For issuers of ICOs or STOs (securities token offering), who aspire to remain inside the regulatory goal posts and do not want to be put into the penalty the box, there are several paths to choose from, including options that would exempt you from registration with securities regulators, and options that can pave the way for a broad based offering and eventual listing on a public exchange.
Digital Token Offering Securities Regulation / Exemptions from Registration
Regulation D and Regulation S
Issuers looking to offer securities to investors without registration typically utilize one of two exemptions from registration under the Securities Act: Regulation D and Regulation S. Under Regulation D, issuers can offer securities without registration in a “private placement,” as long as the offering complies with the provisions of Rule 506 of the Securities Act. Under Rule 506(c), an issuer may broadly solicit and generally advertise an offering and still be in compliance with Regulation D, so long as all purchasers are “accredited investors,” as defined by SEC rules, and the issuer takes reasonable steps to verify that each purchaser is in fact an accredited investor. Under Regulation S, issuers may offer securities to non-US investors in offshore transactions without registration, as long as the offering complies with the provisions of Rule 903 of the Securities Act.
Both Regulation D and Regulation S offer issuers a relatively quick and straightforward route to selling an unlimited number of securities to investors in compliance with the Securities Act. Because Regulation D and Regulation S are exemptions from registration, investors who purchase securities in such offerings will receive “restricted” securities that are not easily resold absent compliance with the requirements of Rule 144 of the Securities Act. In addition, issuers are limited as to the profile of investors to whom they can sell the security. In a Regulation D offering, securities generally may only be sold to “accredited” investors who meet certain income or net worth thresholds. In a Regulation S offering, securities may only be sold to non-US investors in offerings conducted outside the United States and, depending on the issuer, resale restrictions may be required to limit “flow back” into the United States. For issuers looking to sell tokens to a larger investor base, Reg D or Reg S will prove limiting at best.
All is not lost or insurmountable for those seeking to secure investments from non-accredited investors. Issuers can sell securities pursuant to Regulation A under the Securities Act by filing a Form 1-A for review and qualification with the SEC. The Jumpstart Our Business Startups (JOBS) Act-mandated amendments to Regulation A on July 19, 2015 and Regulation A has become a much more attractive option for issuers, which has led to several companies having filed Forms 1-A for token offerings, though as of this writing, none have been qualified by the SEC.

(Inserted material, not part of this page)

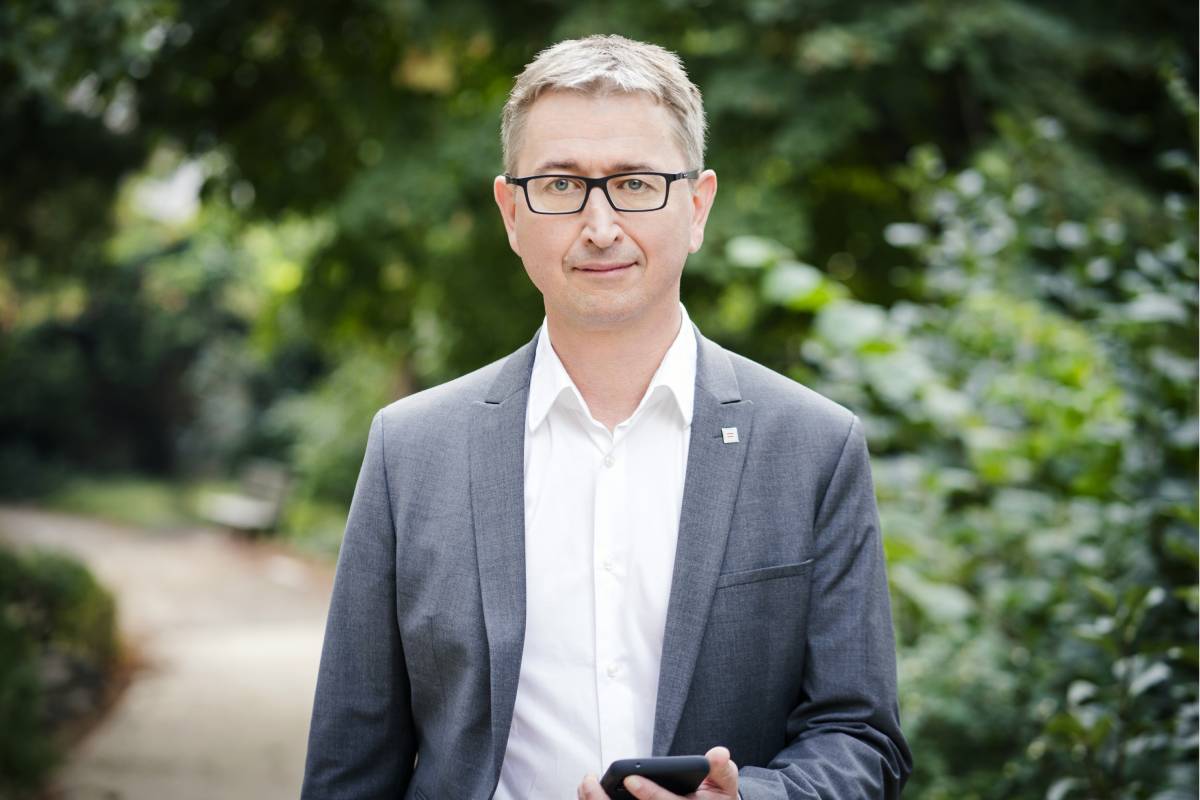 ஜேர்மனியில் வறுமையில் வாழும் 13 மில்லியன் மக்கள் | 13 Million Peoples Lives Poverty In Germany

Regulation A+ permits most non-public US and Canadian companies to sell up to $50 million of securities in a 12 month period without registration. Offerings made pursuant to Regulation A are often referred to as “mini IPOs,” as they are public offerings that can be made using general solicitation and advertising. Before an issuer may offer securities under Regulation A, it must first file an offering statement on Form 1-A with the SEC, which includes an offering circular (OC) for distribution to investors. Form 1-A filings are subject to review and comment by the SEC. Once the SEC has reviewed a Form 1-A offering statement, an issuer will receive a “notice of qualification” and it may commence its offering.
Subject to compliance with certain conditions, an issuer may “test the waters,” both prior to and after filing a Form 1-A. However, an issuer may not sell any securities until the offering has been qualified by the SEC, and any testing the waters communications must include a legend that complies with the requirements of Rule 255 of Regulation A.

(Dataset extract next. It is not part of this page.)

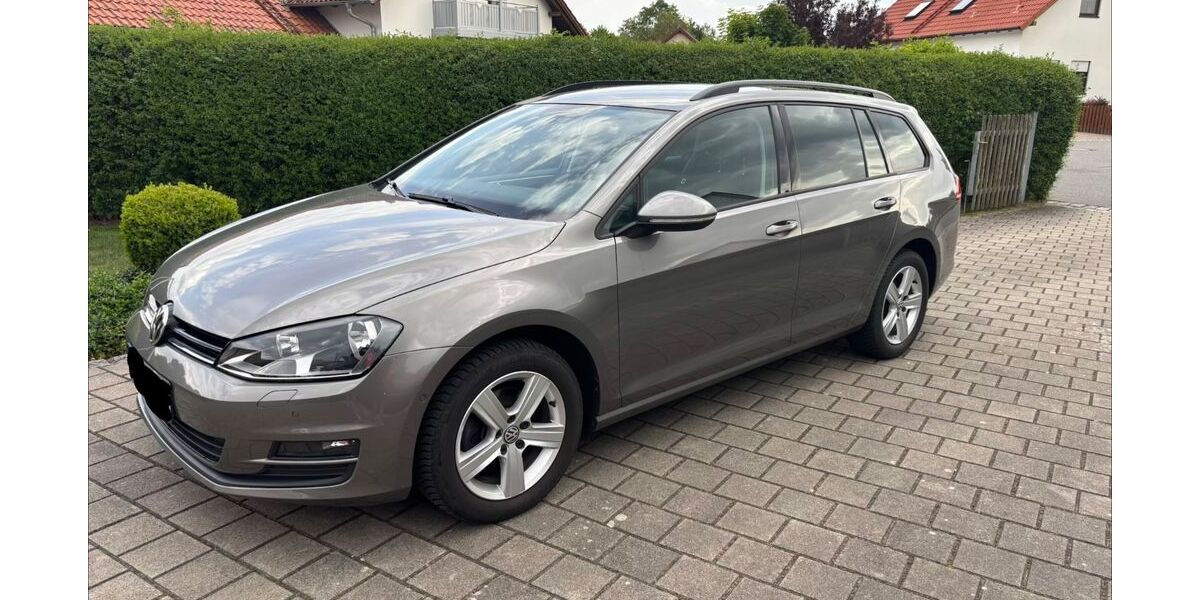 VW Golf 104.185 km 11.500 &euro; Cham 93413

Regulation A includes two offering tiers: Tier 1, which provides an exemption for offerings of up to $20 million in a 12 month period, including up to $6 million of secondary sales by affiliates; and Tier 2, which provides an exemption for offerings of up to $50 million in a 12 month period, including up to $15 million of secondary sales by affiliates. Because of the larger offering size permitted by Tier 2, the requirements for conducting a Tier 2 offering are significantly more stringent than for a Tier 1 offering.

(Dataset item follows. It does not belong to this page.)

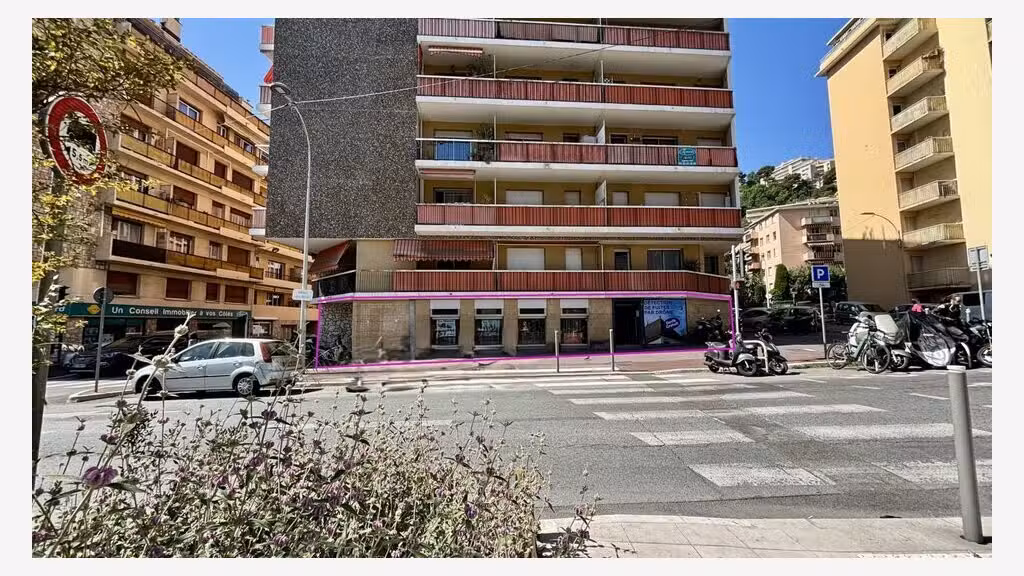 Local commercial de 175m² à louer à Nice Nord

Companies that conduct a Tier 1 offering are required to file up to two years of unaudited financial statements. They must also file an exit report on Form 1-Z upon the termination or completion of an offering. However, there are no other ongoing reporting requirements for Tier 1 companies.
In contrast, companies that advance a Tier 2 offering must provide up to two years of audited financial statements. Tier 2 companies are also subject to ongoing reporting requirements similar to reporting companies, and are required to file annual, semi-annual and current event reports with the SEC, similar to Forms 10-K, 10-Q and 8-K, respectively, that reporting companies are required to file.
However, there are many benefits to conducting a Tier 2 offering as opposed to a Tier 1 offering. Tier 2 offerings are exempt from state registration and qualification requirements (aka state blue sky laws. In addition, Regulation A contains a condition exemption from Exchange Act registration for Tier 2 issuers who are subject to, and current in, their Regulation A periodic reporting obligations, even if an offering might otherwise take them over the threshold for registration. Alternatively, an issuer may utilize a simplified process for entering Exchange Act-reporting company status when they complete a Tier 2 offering, streamlining the process for listing securities on the NYSE or NASDAQ.
Another key benefit to sales under Regulation A is that, unlike sales made pursuant to Regulation D and Regulation S, securities sold in reliance on Regulation A are not restricted securities. This means that they may generally be freely resold by non-affiliates of the issuer.
Preparing for and executing a registered offering is the initial step in becoming a public company. It is intensive and time-consuming and requires issuers to wade through the registration process administered by the SEC, which has discretion over whether or not a registration statement will be declared effective.
The advantage of a registered ICO is that it permits an issuer to sell securities to all types of investors, and there is no limit to the amount of money that may be raised. In addition, registered securities may be freely resold and traded. That said, when contrasted to conducting an exempt offering, a registered offering involves extensive regulatory requirements and is significantly more expensive due to increased filing, legal and accounting fees. Further, since the issuer will become a full reporting company, it will be required to file periodic reports disclosing financial and other material information about the issuer’s business and operations. The challenges of undertaking a registered offering, including the relatively higher cost and perceived difficulty of successfully shepherding the registration statement through the SEC comment process, may be why most security token offerings to date have relied on an exemption from the registration requirements of the Securities Act.
Depending on the characteristics of the token and the manner in which the token is sold, a token sale may be a security offering requiring registration or an exemption therefrom. Issuers considering a token sale should consider whether the securities laws will apply to their token sale and, if so, which of the offering structures best suit their goals. Although many issuers have utilized the exemptions from registration provided by Regulation D and Regulation S to sell securities, these exemptions are subject to numerous limitations. As a result, issuers seeking to sell securities to a broader investor base with greater liquidity for secondary transactions may find that Regulation A+ or a registered offering is a more attractive option for them. Presuming of course the issuer has the financial resources to underwrite the assortment of fees and costs that are inextricably linked to the capital raising process.